_Material supplied_
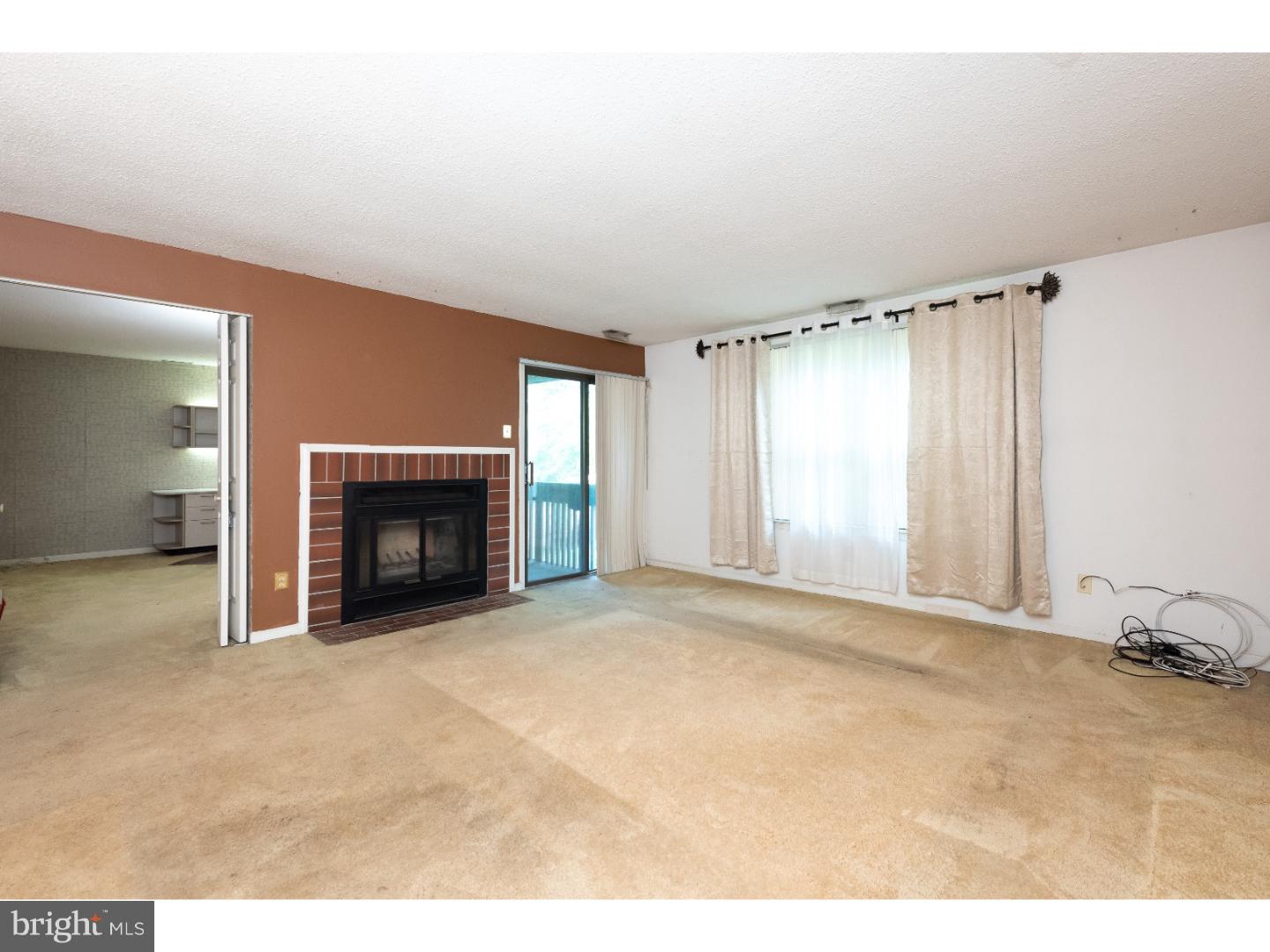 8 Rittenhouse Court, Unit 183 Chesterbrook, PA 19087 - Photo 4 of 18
* * *
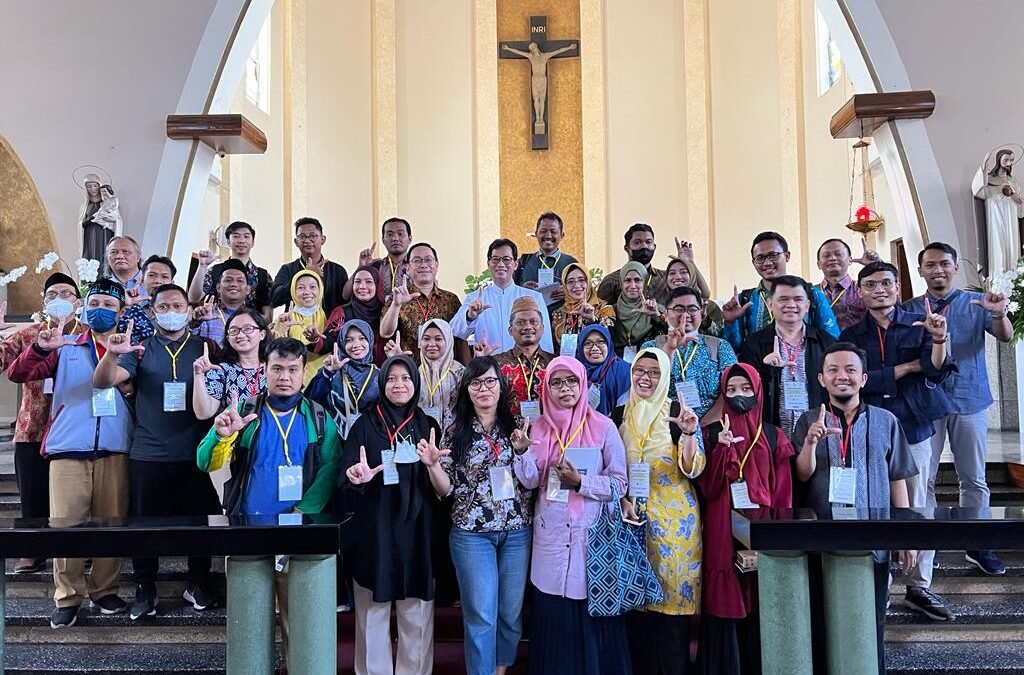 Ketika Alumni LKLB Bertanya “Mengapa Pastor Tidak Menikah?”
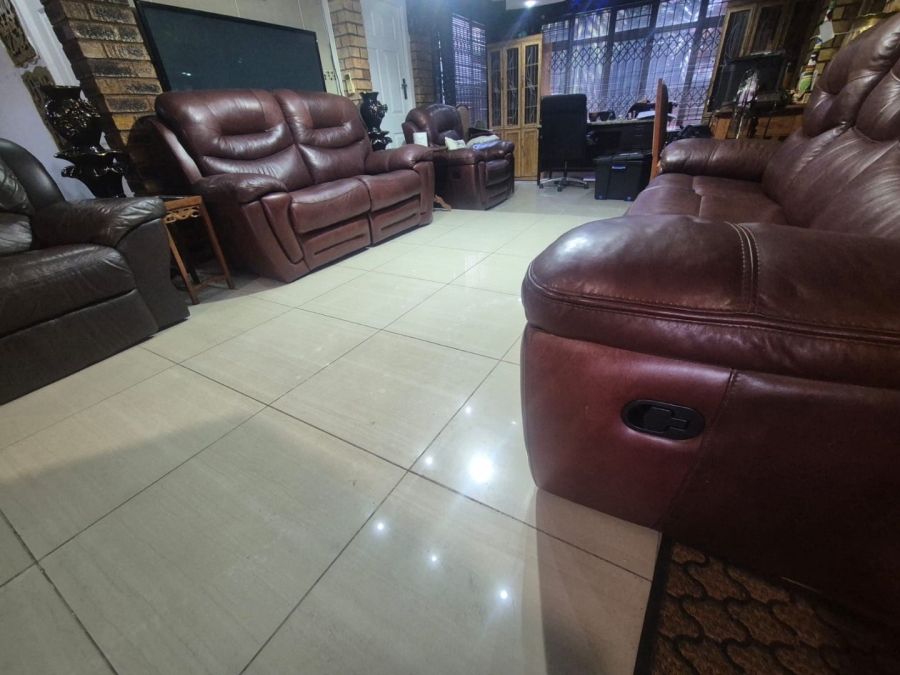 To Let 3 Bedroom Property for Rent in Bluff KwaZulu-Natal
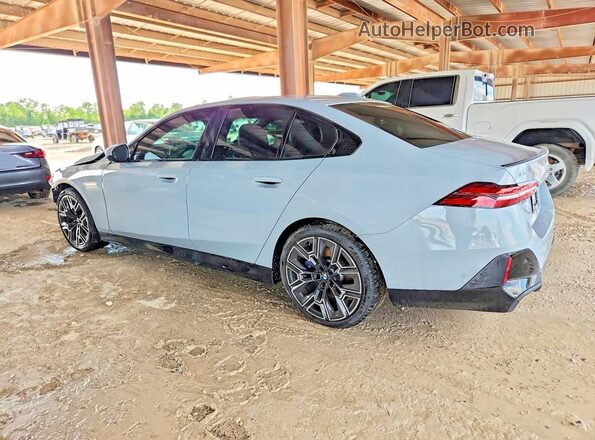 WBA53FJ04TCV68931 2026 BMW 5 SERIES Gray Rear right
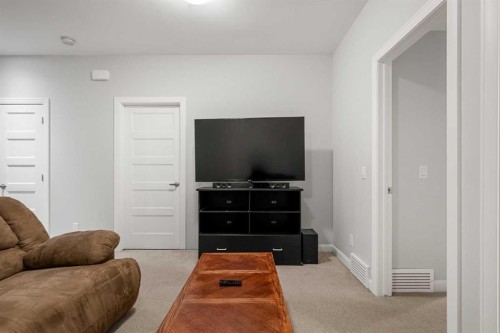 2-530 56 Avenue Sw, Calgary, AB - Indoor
--
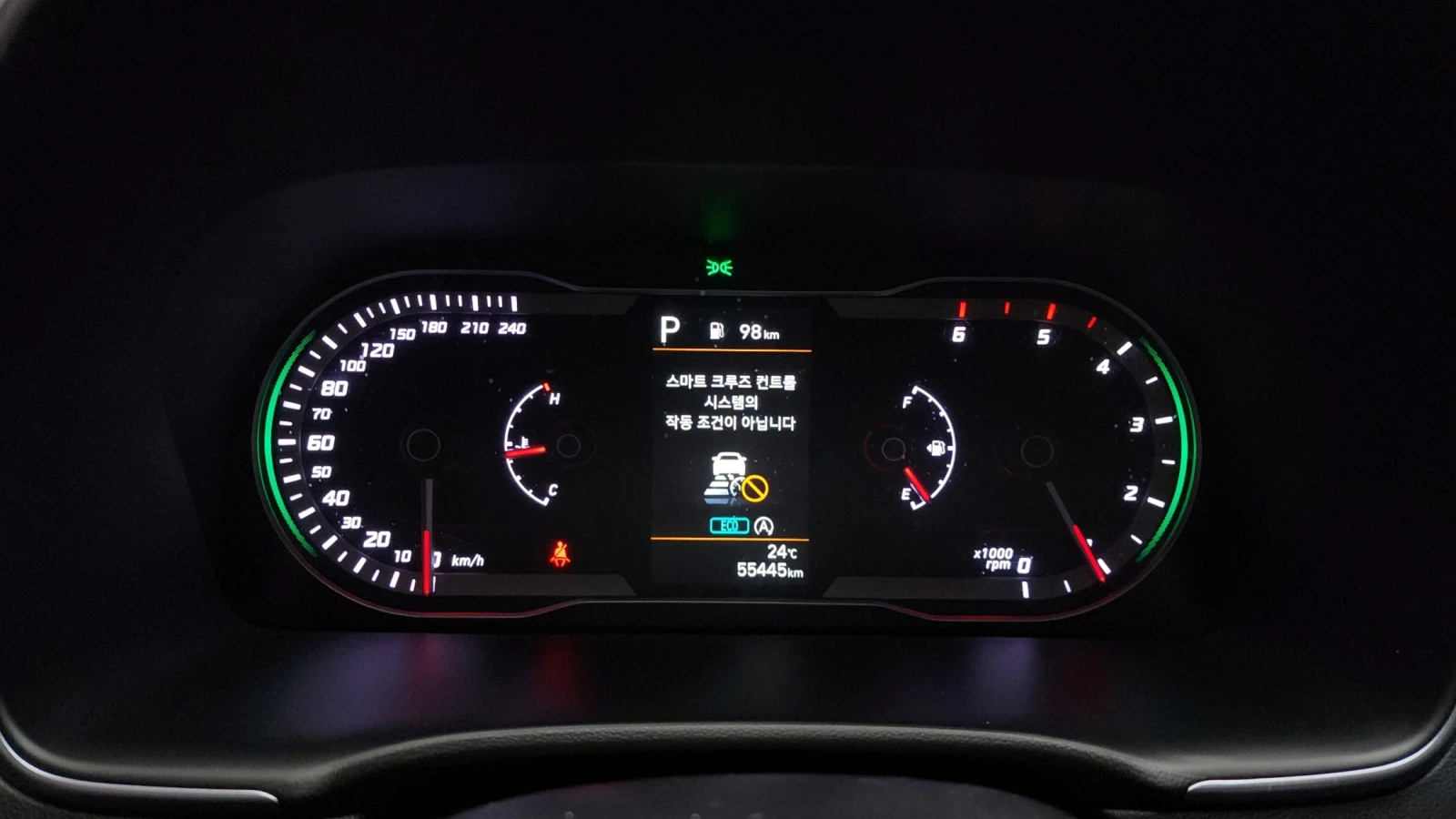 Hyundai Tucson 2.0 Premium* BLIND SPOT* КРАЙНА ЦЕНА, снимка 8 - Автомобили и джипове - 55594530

_Assigned task_
Every line above from the one with "Ketika Alumni LKLB" down to the one with "2-530 56 Avenue Sw, Calgary, AB - Indoor" must be written out exactly, and no picture may appear.

_Reply_
 Ketika Alumni LKLB Bertanya “Mengapa Pastor Tidak Menikah?”
 To Let 3 Bedroom Property for Rent in Bluff KwaZulu-Natal
 WBA53FJ04TCV68931 2026 BMW 5 SERIES Gray Rear right
 2-530 56 Avenue Sw, Calgary, AB - Indoor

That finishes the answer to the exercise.